===== Available records =====

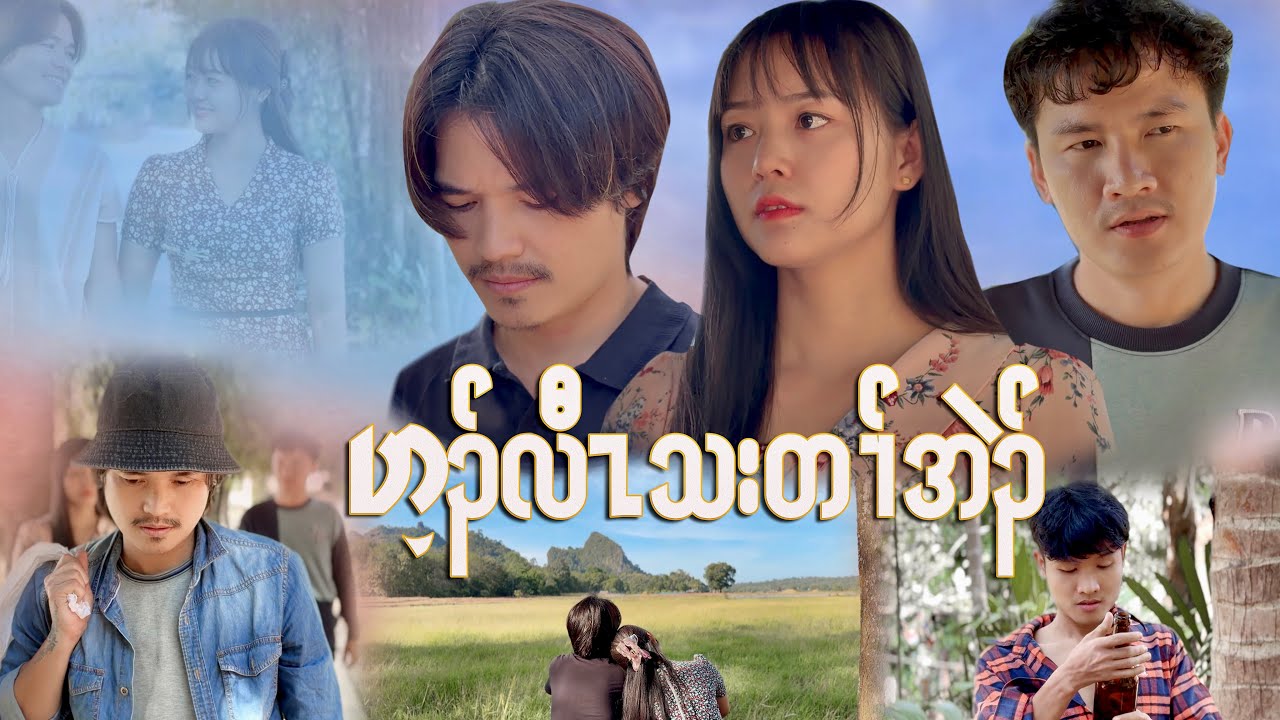 Saw Saw , Moo Kho Phaw , Kyaung Kyaung Poe ဟ့ၣ်လီၤသးတၢ်အဲၣ် New Movie Short story 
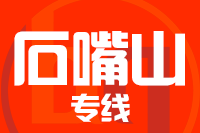 青島到石嘴山物流公司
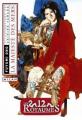 Couverture Les 12 Royaumes, tome 3 : La Majesté des Mers Editions Milan 2007
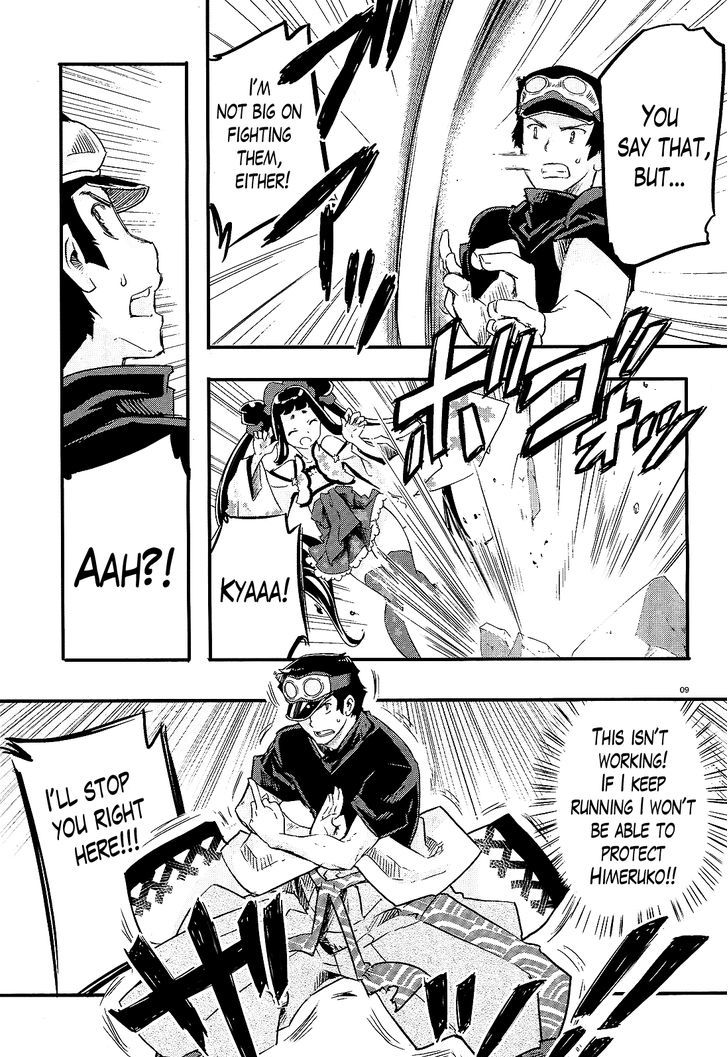 Gion no Tsugai Chapter 9 page 9 - Chapter 9 : Please Give Me a Break, Newbie (Part 2)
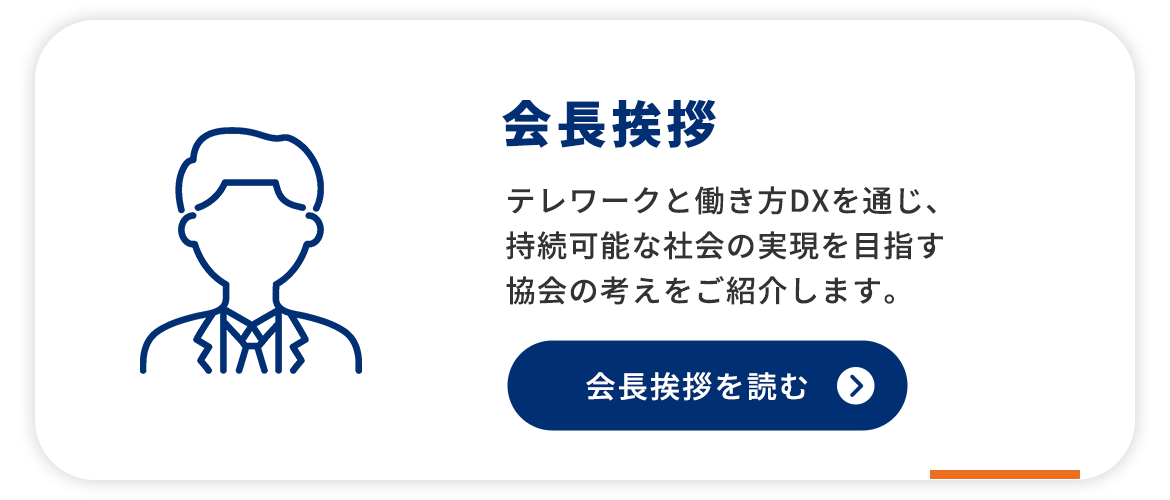 会長挨拶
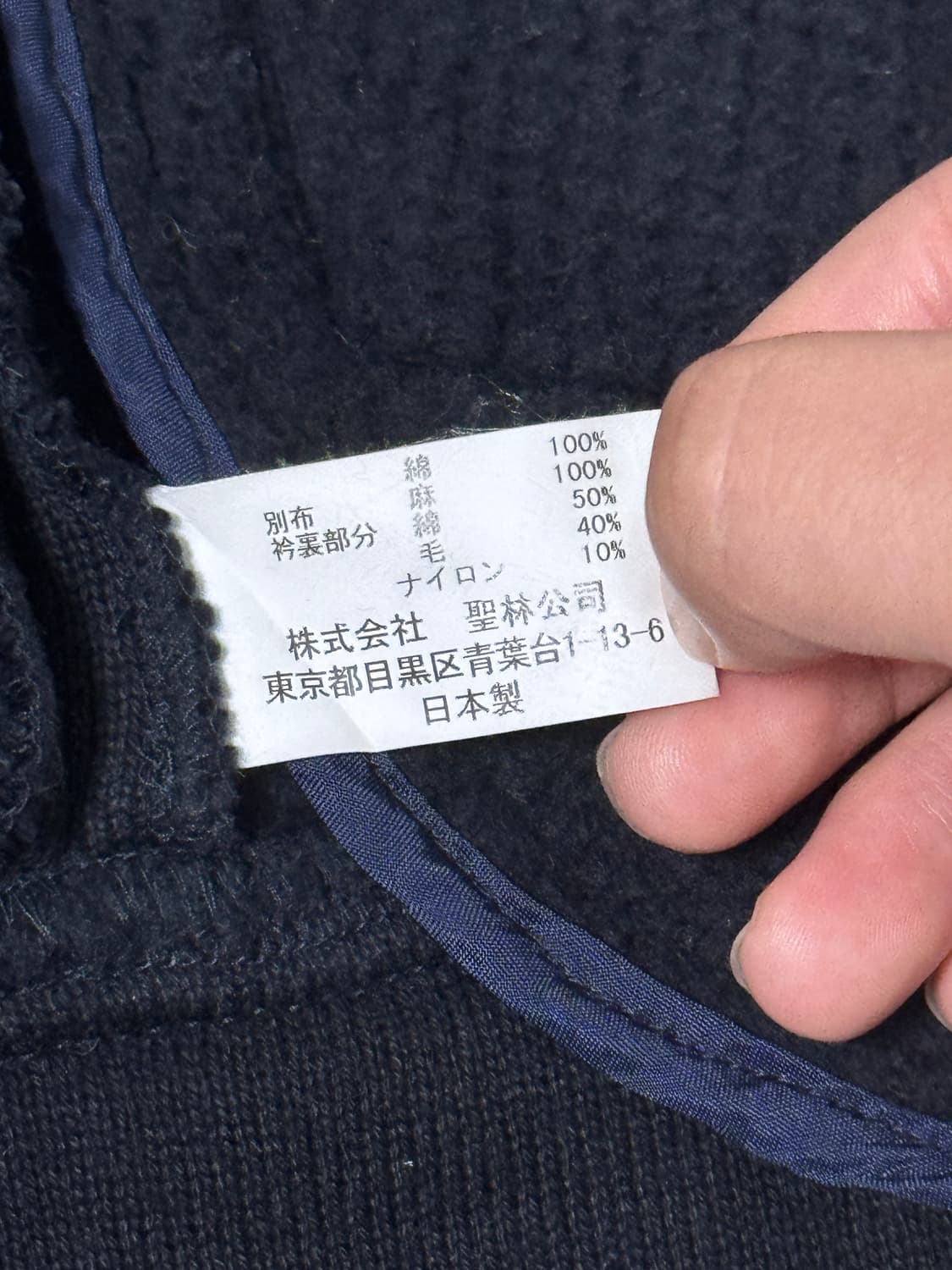 블루 블루 재팬 울 블렌드 덱 자켓 상품이미지8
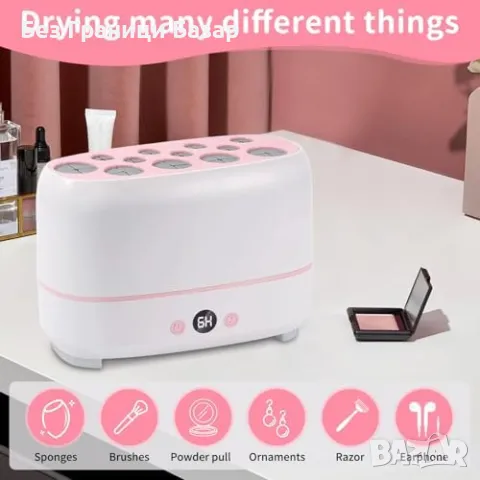 Нова Сушилня за бюти аксесоари – четки за грим, компактна с 4 режима, снимка 7 - Други - 49743079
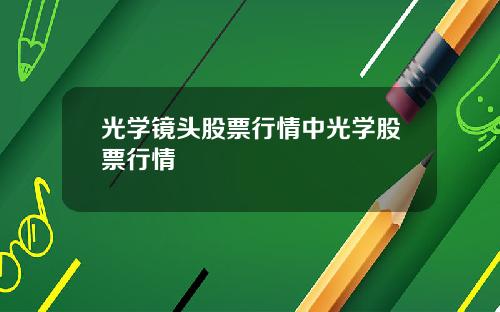 光学镜头股票行情中光学股票行情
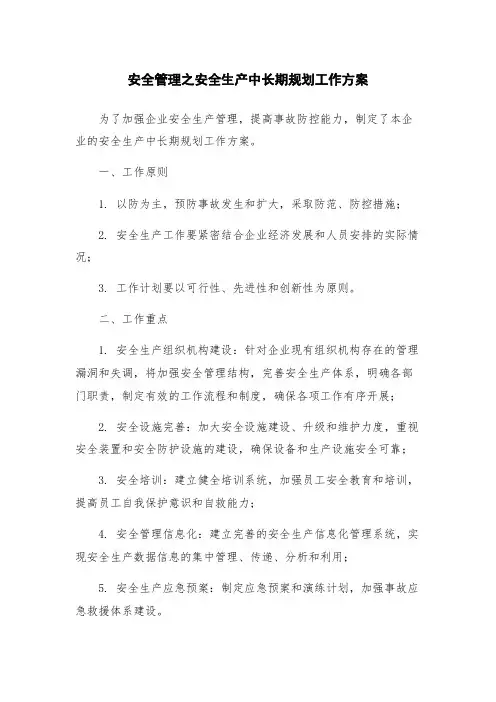 安全管理之安全生产中长期规划工作方案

=====

Only the lines from the beginning of the listing up to and including the line with "블루 블루 재팬 울 블렌드 덱 자켓 상품이미지8" should appear in the reply, copied word for word and free of pictures.

 Saw Saw , Moo Kho Phaw , Kyaung Kyaung Poe ဟ့ၣ်လီၤသးတၢ်အဲၣ် New Movie Short story 
 青島到石嘴山物流公司
 Couverture Les 12 Royaumes, tome 3 : La Majesté des Mers Editions Milan 2007
 Gion no Tsugai Chapter 9 page 9 - Chapter 9 : Please Give Me a Break, Newbie (Part 2)
 会長挨拶
 블루 블루 재팬 울 블렌드 덱 자켓 상품이미지8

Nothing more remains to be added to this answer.